C’est dans ces circonstances que la 1ère chambre civile de la Cour de cassation s’est à nouveau prononcée sur cette affaire dans un arrêt du 2 juillet 2014 et a confirmé la solution dégagée par la Cour d’appel de Versailles en considérant que :
- « les constatations de l’arrêt établissent que, quels qu’aient été les intitulés médiatiques qui les présentaient, les propos publiés, issus de captations sanctionnées par l’article 226-2 du code pénal, texte de droit commun, opérées au domicile de Mme Z…, à son insu et pendant un an, puis diffusées sans son consentement, et en pleine connaissance de leur provenance, étaient, en outre, relatives tant à des utilisations qu’elle décidait de sa fortune qu’à des sentiments, jugements de valeur et attentes personnelles de M. C… à son endroit ; que la cour d’appel a ainsi caractérisé l’atteinte à l’intimité de la vie privée de M. C… et de Mme Z…, la conscience du caractère délictueux des agissements litigieux, et le trouble manifestement illicite qui en résultait » ;
- « l’arrêt, après avoir rappelé que l’article 10 de la Convention de sauvegarde des droits de l’homme et des libertés fondamentales dispose que la liberté de recevoir et communiquer des informations peut être soumise à des restrictions prévues par la loi et nécessaires, dans une société démocratique, à la protection des droits d’autrui afin d’empêcher la divulgation d’informations confidentielles, retient exactement qu’il en va particulièrement ainsi du droit au respect de la vie privée, lui-même expressément affirmé par l’article 8 de la même Convention, lequel, en outre, étend sa protection au domicile de chacun ; qu’il s’ensuit que, si, dans une telle société, et pour garantir cet objectif, la loi pénale prohibe et sanctionne le fait d’y porter volontairement atteinte, au moyen d’un procédé de captation, sans le consentement de leur auteur, de paroles prononcées à titre privé ou confidentiel, comme de les faire connaître du public, le recours à ces derniers procédés constitue un trouble manifestement illicite, que ne sauraient justifier la liberté de la presse ou sa contribution alléguée à un débat d’intérêt général, ni la préoccupation de crédibiliser particulièrement une information, au demeurant susceptible d’être établie par un travail d’investigation et d’analyse couvert par le secret des sources journalistiques, la sanction par le retrait et l’interdiction ultérieure de nouvelle publication des écoutes étant adaptée et proportionnée à l’infraction commise, peu important, enfin, que leur contenu, révélé par la seule initiative délibérée et illicite d’un organe de presse de les publier, ait été ultérieurement repris par d’autres ».

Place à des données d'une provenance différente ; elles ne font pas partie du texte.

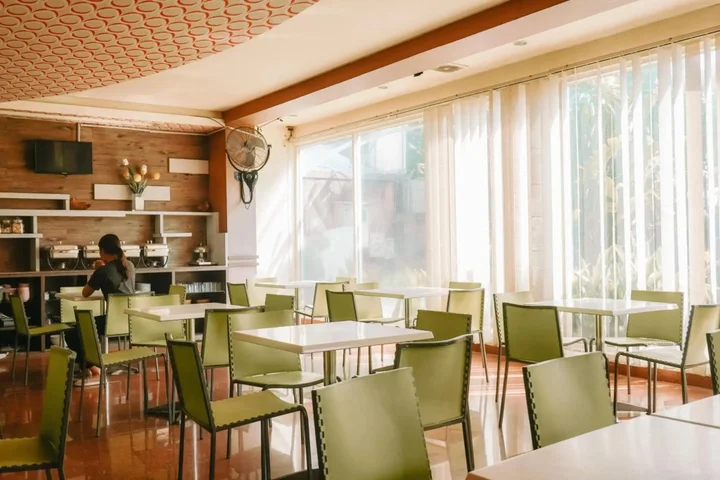 Матарам: City Hotel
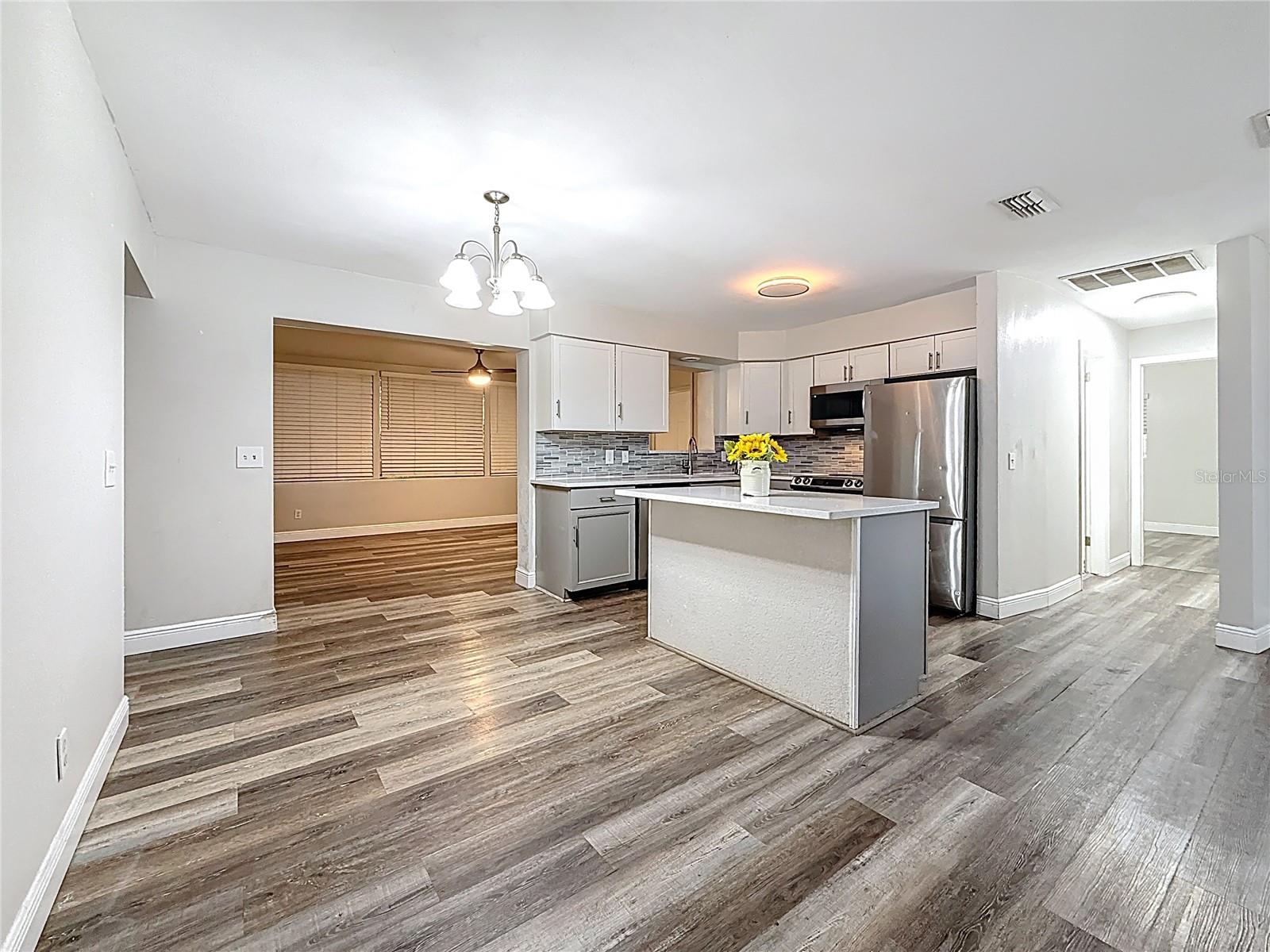 CLEARVIEW HEIGHTS - Residential Lease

La Cour de cassation a donc ainsi dégagé deux principes :
- les écoutes dont avaient fait l’objet la propriétaire de l’hôtel particulier et son gestionnaire de fortune, qui ne portaient pas exclusivement sur des aspects professionnels ou financiers, constituaient une atteinte à l’intimité de la vie privée au sens des articles 226-1 et 226-2 du Code pénal, permettant de caractériser un trouble manifestement illicite ;
- dans le cadre de la conciliation entre le droit au respect de la vie privée et la liberté d’expression, tous deux garantis par la Convention européennes des droits de l’Homme, la Cour de cassation fait primer ici le droit au respect de la vie privée, estimant que « le recours à ces derniers procédés constitue un trouble manifestement illicite, que ne sauraient justifier la liberté de la presse ou sa contribution alléguée à un débat d’intérêt général, ni la préoccupation de crédibiliser particulièrement une information, au demeurant susceptible d’être établie par un travail d’investigation et d’analyse couvert par le secret des sources journalistiques ».